The low down on GICs

The markets are crazy now, and risk-averse investors are looking at safer options than stocks to park their money while still earning a return. That could be what's made Guaranteed Investment Certificates (GIC) attractive to many Canadians.

But what is a GIC? It's a promise that a bank will you a certain amount of money in exchange for you loaning them your money for a specified time.

  • How much you’ll get paid fluctuates with interest rates and varies based on the length of the term—right now, for example, RBC will pay 4.5% on a 1 year-term for a non-redeemable GIC.

  • GICs are considered a relatively safe investment since they are insured up to $100,000 by the Canada Deposit Insurance Corp. (CDIC).

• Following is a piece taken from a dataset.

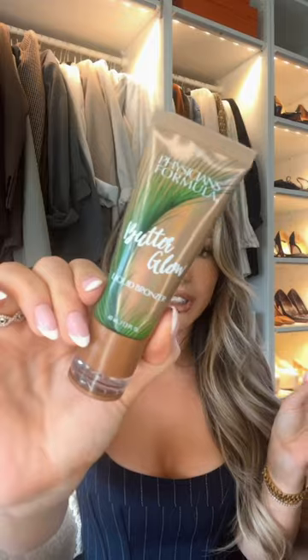D-Bronzy has officially been replaced with this Physician's Formula Butter Glow Liquid Bronzer. I like this one because it gives you a tiny little bit of coverage — if you mix this with your moisturizer, it's going to give you a really nice bronzy glow and also even out your complexion.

Should I buy a GIC? It depends. Let's say you've got an extra $10,000 kicking around that you know you won't need in the next few years—buying a GIC could be a good idea. 

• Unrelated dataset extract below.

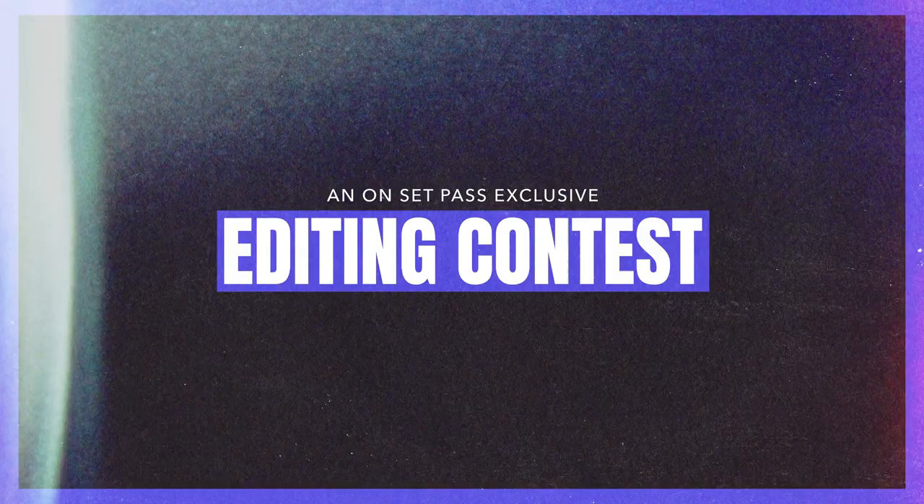Over at Onset Pass, we are excited to announce that we are hosting our first ever editing contest. This video will serve as the official visual layout of how this contest is going to go — from the official rules, the judging criteria, the prizes, and how you can submit. Please watch this video in its entirety if you're interested in participating.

  • But most GICs lock in your money, meaning that if you needed quick access to that $10k in an emergency, you might be left paying a penalty if you can withdraw.

Some GIC "gotchas" to look out for:

  • Autorenewals: Some banks will contact you when your GIC has reached its term and matured, but some won't. Instead, they will automatically renew your GIC, locking your money in for another term. 

  • Interest rates: Picking the longest term might seem like the method to make the best return—but it's not always so. John Heinzl of the Globe and Mail explains that if interest rates continue to rise, your five-year GIC will "collect the same yield" for the term. 

Bottom line: Parking some cash in a GIC is safe, but the downside is you lose access to that money which could have you missing out on other investment opportunities should the markets change.